Time-based estimates don’t make sense when your pair programmer is an AI.

So, I switched to ETM (estimated tokens to merge). It’s the agent’s token budget to design, implement, and polish a feature until it’s merge-ready.

Doing that helped flip to more of an AI native, agent first mindset that’s helping me embrace a new way of working.

Why estimated tokens to merge (ETM)?

By default Cursor always gave me estimates in time (e.g. hours, weeks, months, etc.), which doesn’t really make sense in the context of the agent with AI doing the coding.

So I switched to ETM (est. tokens to merge) and it’s much more useful. This is the agent’s token budget to implement, test, and polish this change until it could be merged.

Example from a post-implementation summary today:

Post-implementation summary using estimated tokens to merge.

Token calibration

The more I use it, the better of a feel I get for it. It’ll also be interesting to see how it changes over time as models evolve as I need to adjust the calibration on the bands.

Here are the current token calibration bands I’m using:

XS: 20–50k
S: 50–120k
M: 120–300k
L: 300–700k
XL: 700k+

The use of reasoning, especially now with Sonnet 4.5 🧠 (thinking) pushes the token calibration bands higher, especially on big implementations.

Not quite vibe coding?

This is my first “all in” agent coding project. It’s not quite vibe coding since I’m being very deliberate and explicit in design, planning, setting rules and iterating on them + reviewing everything. For example, I’m using:

Explicit architecture (extensibility rules, plugin patterns, boundaries)
TDD workflow with contract tests and determinism requirements
Comprehensive rule system (10+ .mdc files defining everything)
Quality gates (mypy --strict, reproducibility, byte-identical outputs)
Documentation requirements (changelog, user guides, cleanup checklists)
Review & learn approach since I’m newer to Python and AI interpretability/explainability, which I’ve defined in a “me.mdc” that always asks “why” to build understanding

So even though it’s not traditional vibe coding, it’s forcing me to trust the agent more since so much is intentionally new.

Knowing that this is the worst AI will ever be, I just don’t see how this isn’t the future.

Other observations

Below are some early observations I might write more on later.

What the work is

Another interesting observation is instead of the coding being my work, my work is reviewing the rules, design, architecture, challenging, researching, etc., which forces more improvement and iteration on the rules, etc.

I’m traditionally a PM and used to working with senior devs, EMs and architects, so the process feels surprisingly natural to me.

It’s not cheap

I blew through my Cursor Ultra quota very quickly, so this isn’t cheap as far as software tools go, but it’s very cheap compared to getting this level of effort/support from a human.

New hands

Evolving with the technology has always been a thing humans had to do, especially these days as the rate of change increases.

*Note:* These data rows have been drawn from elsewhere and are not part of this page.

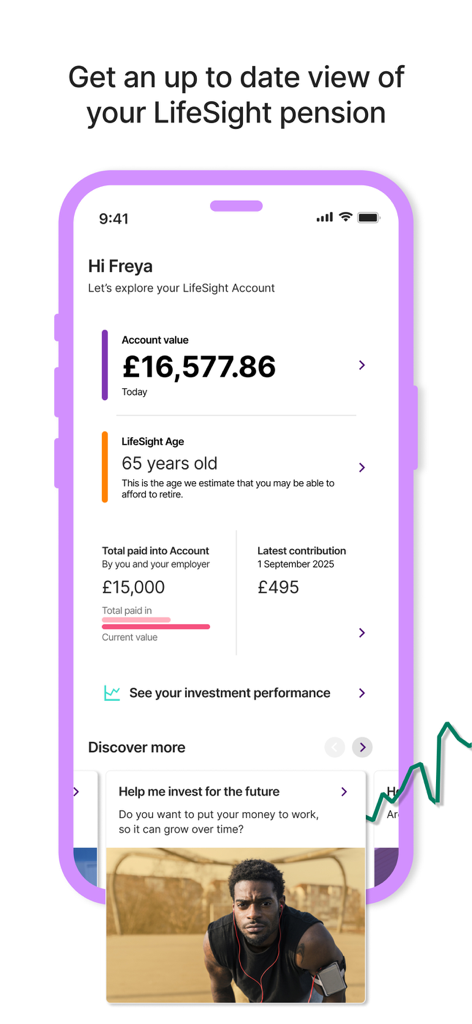 LifeSight Pension GB app dashboard showing account balance and estimated retirement age
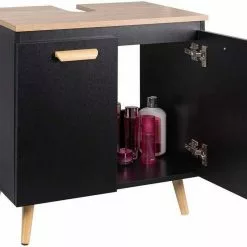 EUGAD Waschbeckenunterschrank Badschrank Unterschrank mit 2 Türe Weiß Grau, Schwarz, Wei&szlig; -Eugad Möbel Einkaufen 9465cea7 8a0e 5fe6 affc a54b6e599c56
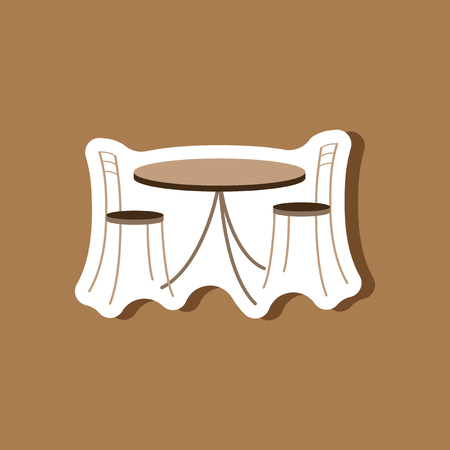 paper sticker on stylish background table and chairsのイラスト素材
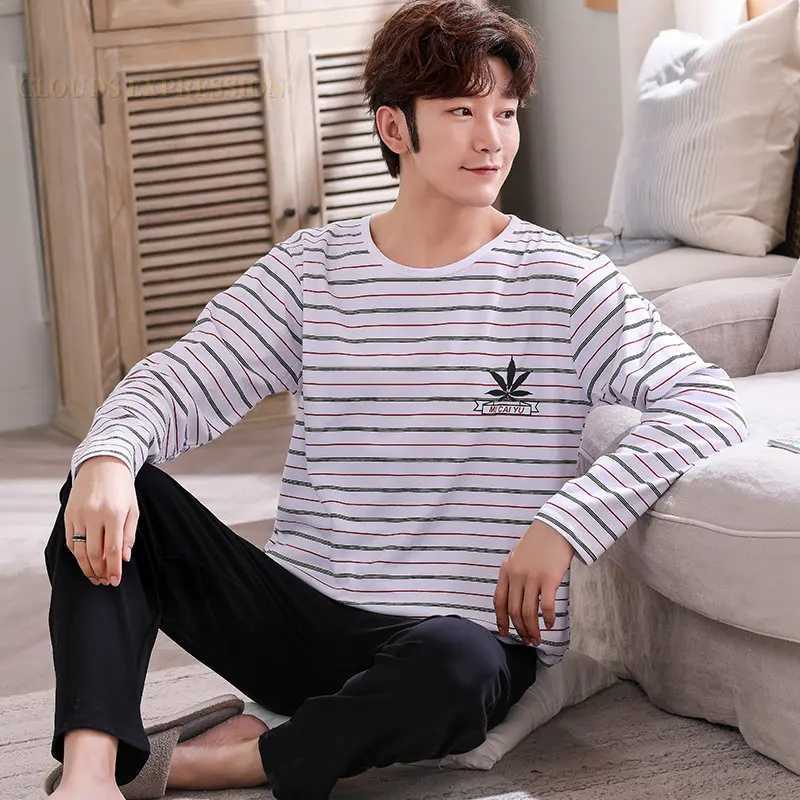 Spring Autumn Plus Size L-4XL PJ Cotton Mens Pajamas Letter Cartoon Pajama Sets Casual Lounge Sleepwear Pyjamas Pijama Homewear Y240906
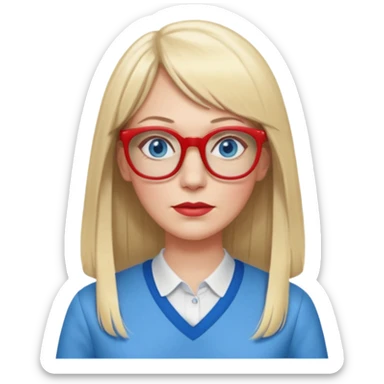 45 yr old white woman, pale skin, long straight blond hair parted in center, blue eyes, bangs, clothes for school, big red glasses sticker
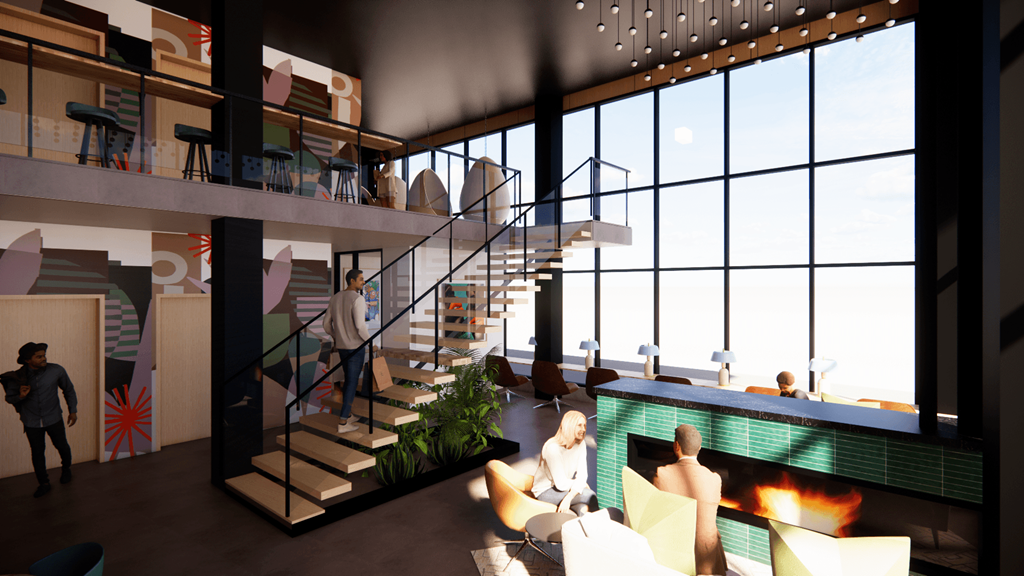 a rendering of a apartment lobby with stairs and a fireplace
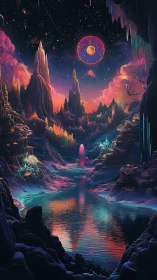 Starlit neon caverns cradle a luminous cosmic river dreamscape.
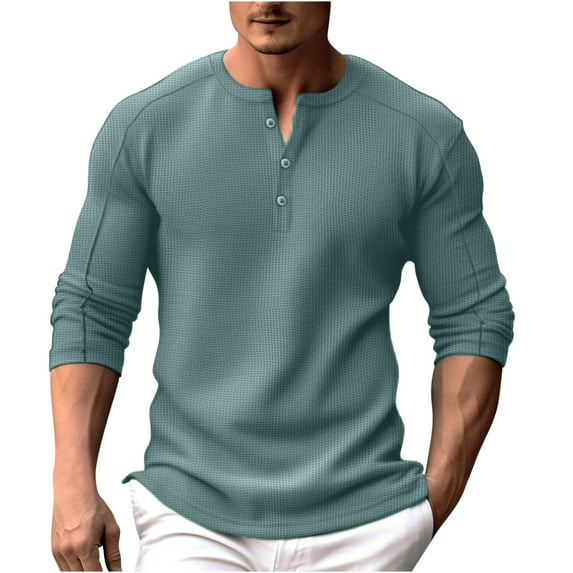 Dagegui Men's V Neck Buttons Shirts Knit Long Sleeve Henley Shirt Solid Color Basic T-Shirts Lightweight Casual Pullover Tops Fall Clothes Green,M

But this experience shows me that this doesn’t really replace developers. It just gives developers new, more capable “hands” to write code instead of writing it manually.

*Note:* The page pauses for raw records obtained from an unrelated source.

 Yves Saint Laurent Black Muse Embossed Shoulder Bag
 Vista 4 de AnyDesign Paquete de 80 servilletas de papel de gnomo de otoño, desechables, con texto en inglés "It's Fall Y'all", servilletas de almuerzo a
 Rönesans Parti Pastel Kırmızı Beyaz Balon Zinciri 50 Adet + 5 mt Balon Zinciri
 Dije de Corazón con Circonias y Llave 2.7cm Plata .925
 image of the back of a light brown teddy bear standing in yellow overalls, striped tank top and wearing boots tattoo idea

It also gives non-coders hands that know how to code, but it doesn’t work miracles, you still have to bring something to the table in defining the what/how around building.

Long-term maybe the AI will get even better at the how, and the only remaining differentiator may be the ‘what’ (taste) and the capital to pay for high quality agents.

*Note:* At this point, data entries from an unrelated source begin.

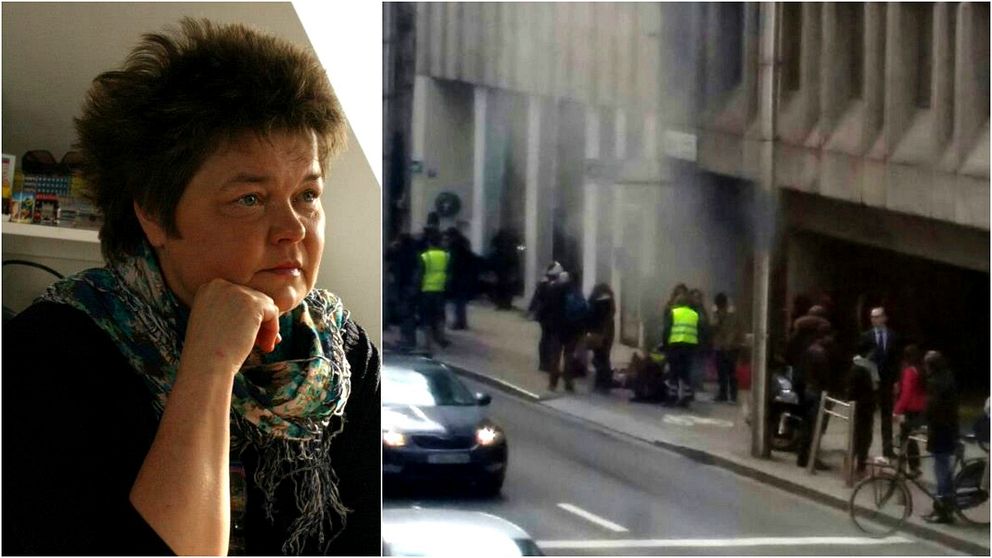 I Orbaden i Hälsingland sitter Kerstin Rens och följer nyhetssändningarna om bombdåden i Bryssel. Hade det inte varit påsklov hade hon rört sig mitt händelsernas centrum.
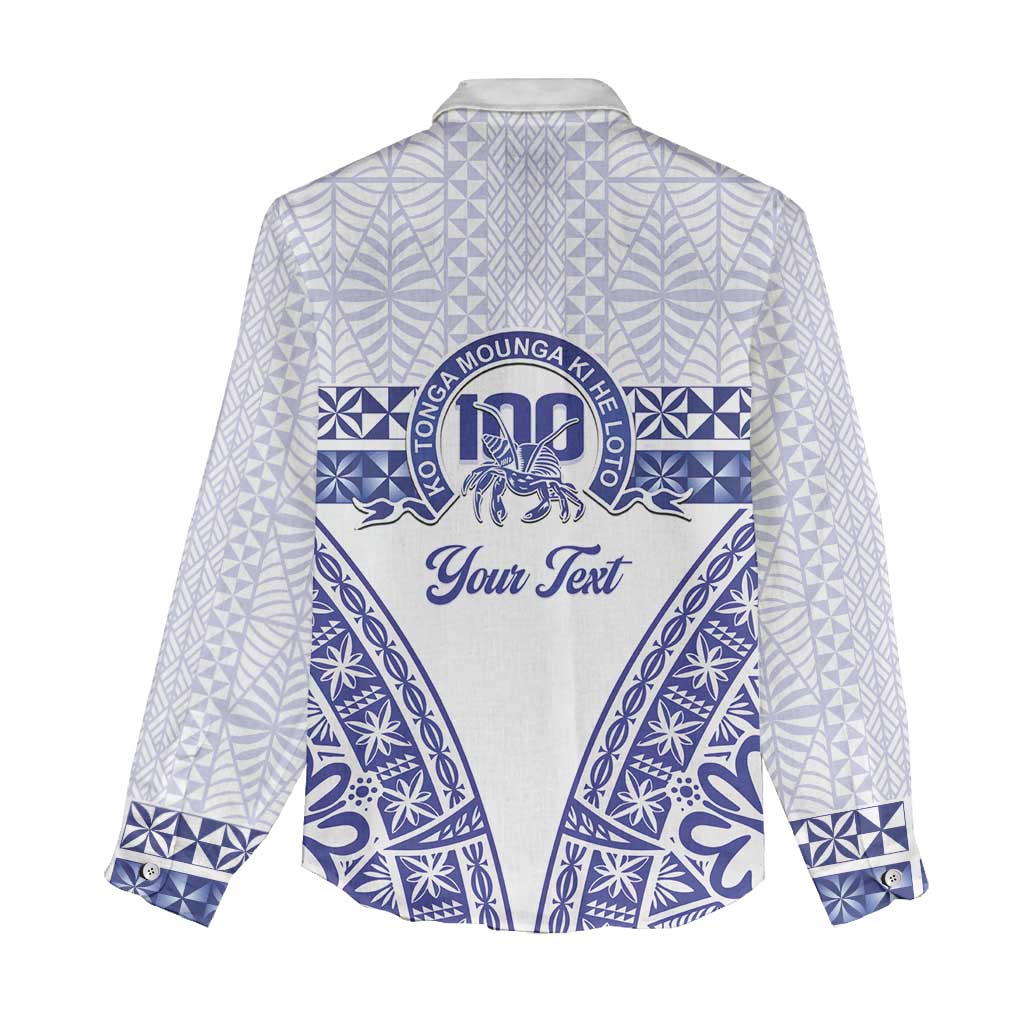 Personalised Queen Salote College Women Casual Shirt Kolisi Fefine 100th Anniversary Kupesi White LT14 - Polynesian Pride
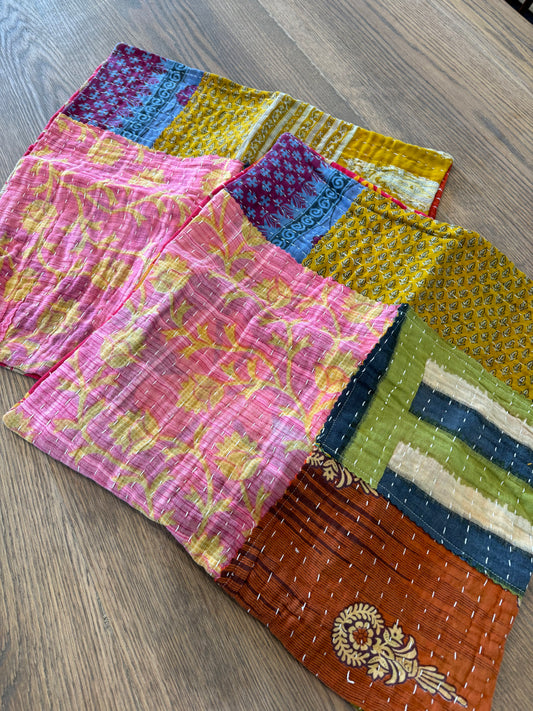 18x18 Kantha Hand Sewn Pillow Case - Sold individually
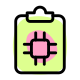 Research and development of microprocessor on a clipboard icon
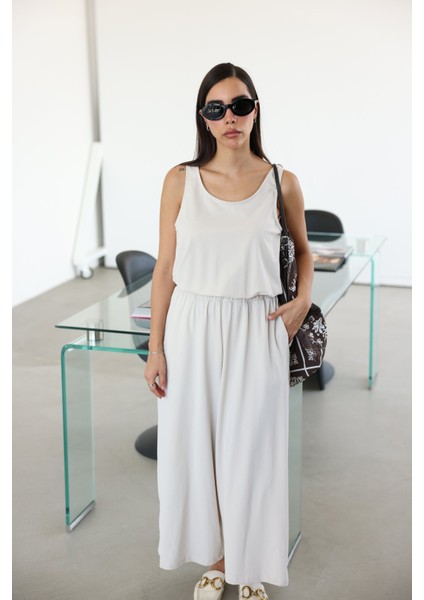 Kalın Askılı Beli Lastikli Modal Tulum indirimleri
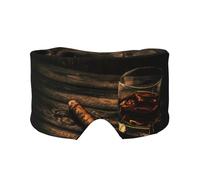 Schlafmaske mit Zigarren- und Whiskey-Aufdruck, für Männer und Frauen, weiche Augenabdeckung, schalldicht, Ohrenschützer, Stirnband für Reisen, Nickerchen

Just another level of abstraction

In a way, AI agents are just another layer of abstraction for developers, and higher levels of abstraction is what technology has always done. More leverage, more productivity, not without tradeoffs as with any technology.

Optimizing for the long-term

I added a rule to always optimize for the best long-term solution. The agent often proposes quick fixes, but when iteration is cheap, there’s no reason to choose hacks over durable design.

Package first

A solid product development process feels like “package first” development. As a PM of user-facing products, this felt counter-intuitive. I would always start with mocks, which drove everything else.

But the way agents work, doing things “package-first” to lock down the engine, logic, etc. first works much better at this stage of AI capabilities. It adds helpful constraints and saves the UI, which requires a different kind of ‘taste’ until later.

Still further to go

As good as the AI (Cursor + Sonnet 4.5) is, there’s still a lot further to go. I catch a lot of things, but they all feel very solvable and the progress is extremely tangible (it’s only a matter of time).

Still learning

I’m still in the middle of it, so we’ll see how it goes and how my opinions evolve. But as of now, wow, I am extremely impressed.

Switching to “estimated tokens to merge (ETM)” was a great way to flip the switch in my brain to think about building things in a more AI-native, agent-first way.

For me ETM isn’t just a metric, but a mindset shift for building in the AI era.